# Task instructions
Return only the lines below starting at the line containing "Sawan aaya hai ----x Efx" and ending at the line containing "Blue Poppies paint by numbers", both included, exactly as they are and with no pictures.

# Records shown

== Segment start ==

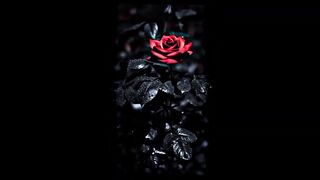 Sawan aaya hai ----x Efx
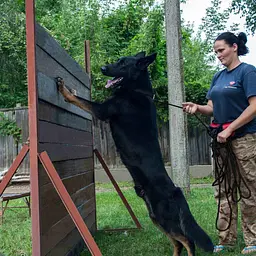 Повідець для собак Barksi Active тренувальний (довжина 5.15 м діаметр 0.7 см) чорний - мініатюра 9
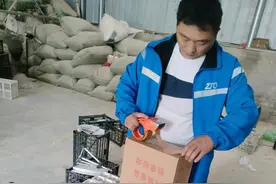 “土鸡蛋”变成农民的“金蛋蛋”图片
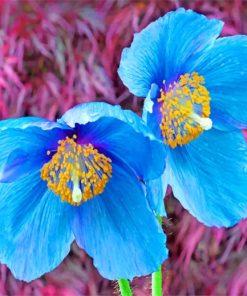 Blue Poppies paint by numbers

== Segment end ==
== Segment start ==

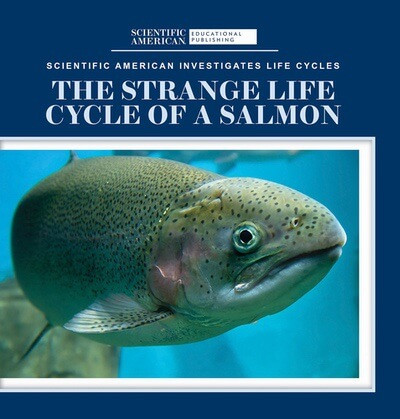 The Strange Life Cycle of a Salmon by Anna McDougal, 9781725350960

== Segment end ==

# Your response
 Sawan aaya hai ----x Efx
 Повідець для собак Barksi Active тренувальний (довжина 5.15 м діаметр 0.7 см) чорний - мініатюра 9
 “土鸡蛋”变成农民的“金蛋蛋”图片
 Blue Poppies paint by numbers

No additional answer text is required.